A blistering Russian-backed assault since February 18 on the last opposition bastion near Damascus had splintered rebel territory into three shrinking pockets, each held by different factions.

Damascus and its ally Moscow have implemented a “leave or die” strategy with deadly air strikes on the enclave as they look to end six years of opposition control.

State television said the town of Harasta had “been emptied of terrorists” after a deal that saw fighters from Islamist group Ahrar al-Sham and their families bussed to northwestern Idlib province, still largely rebel-held.
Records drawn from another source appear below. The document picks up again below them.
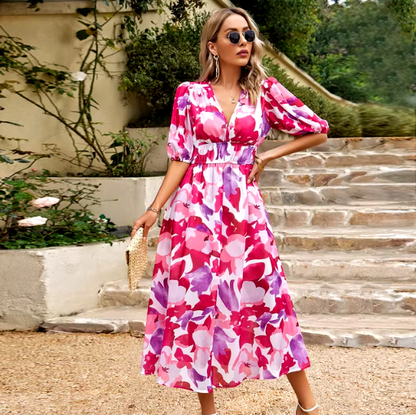 New V-neck Printed Summer Dress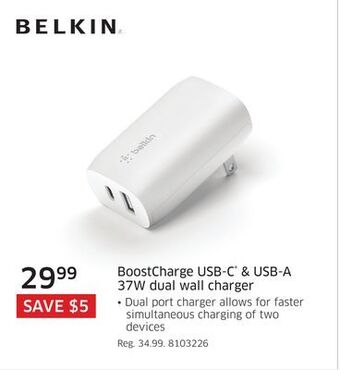 The Source Belkin boostcharge usb-c & usb-a 37w dual wall charger offer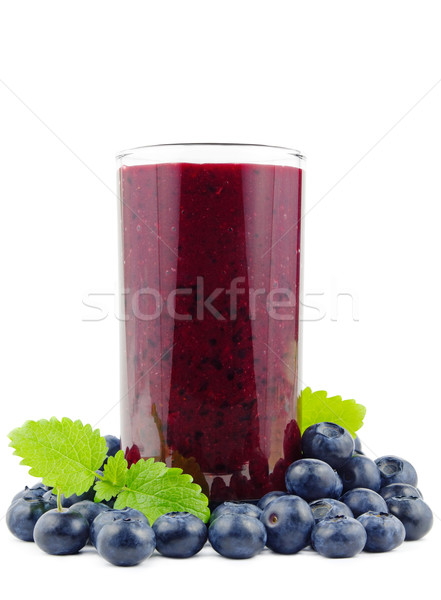 Stock foto: Heidelbeere · Smoothie · Glas · frischen · Heidelbeeren · weiß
The evacuation extended regime dominance to over 90 percent of the bombed-out Ghouta enclave that the rebels have clung to through years of punishing government siege, a Britain-based war monitor said.

President Bashar al-Assad’s forces look set to expand their control soon over another key area after Islamist group Faylaq al-Rahman struck a deal to evacuate starting at 0700 GMT on Saturday.
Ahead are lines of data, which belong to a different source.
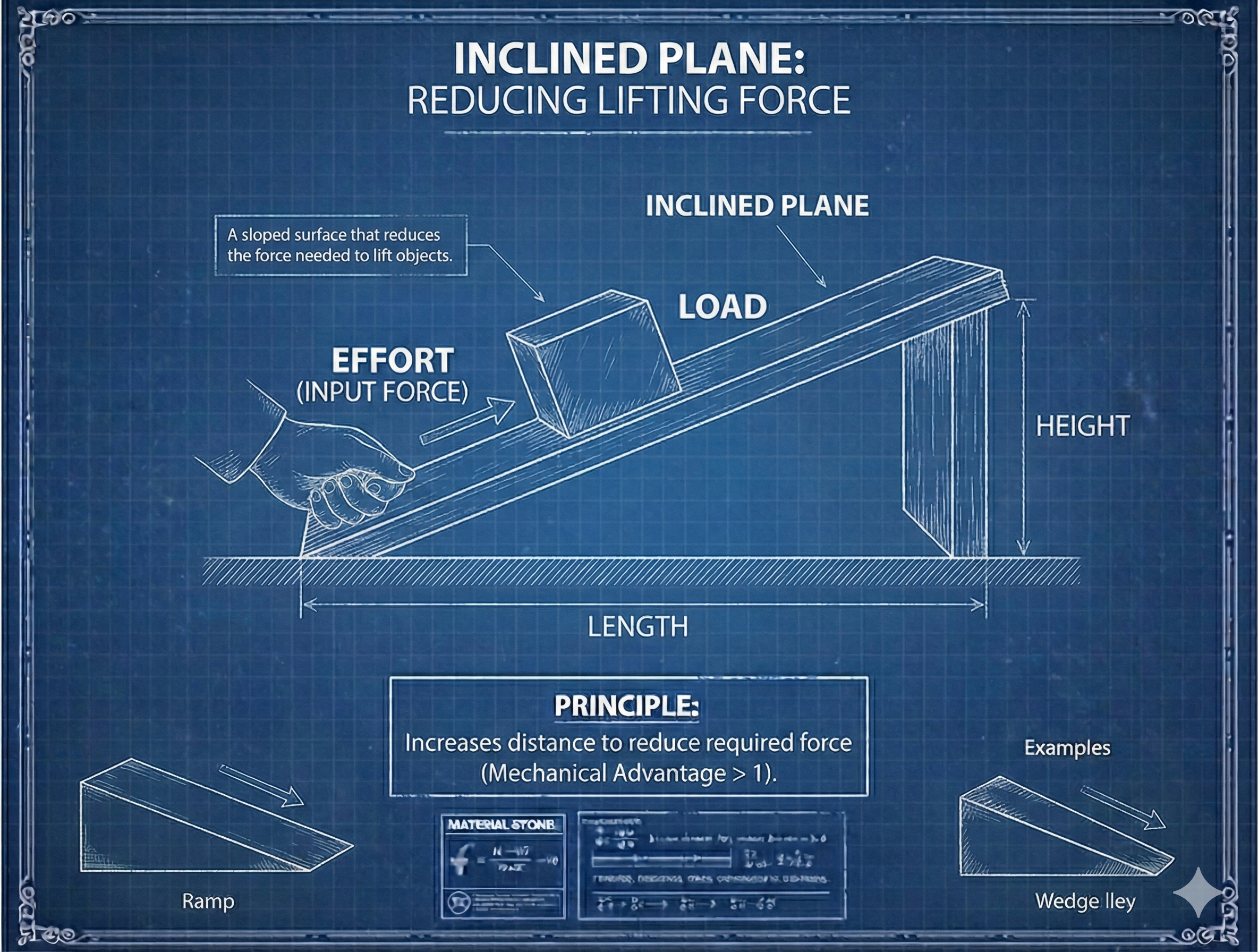 Inclined plane diagram
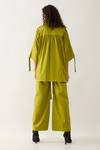 Shop_Son of A Noble Snob_Green Cotton Satin Collared Leaf Relaxed Fit Shirt And Pant Set _at_Aza_Fashions
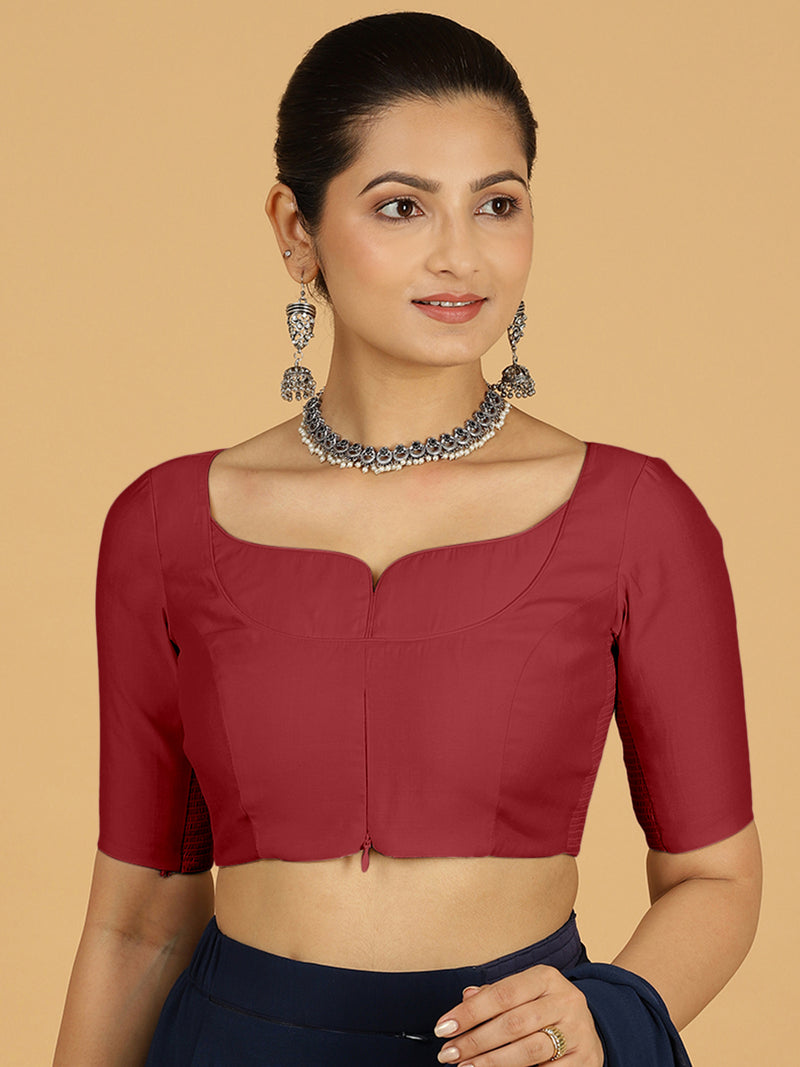 Priya x Rozaana | Elbow Sleeves Saree Blouse in Scarlet Red-Binks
The agreement will see a southern stretch of territory that includes the towns of Zamalka, Arbin and Ain Tarma cleared, while talks are under way over the third and final pocket, around Ghouta’s main town of Douma.

The withdrawal deal came after Russian air strikes using “incendiary munitions” hit the town of Arbin late Thursday, killing 37 civilians, according to the Britain-based Syrian Observatory for Human Rights. AFP reporters saw similar munitions fall on Douma.

But Russia denied it was carrying out any such strikes.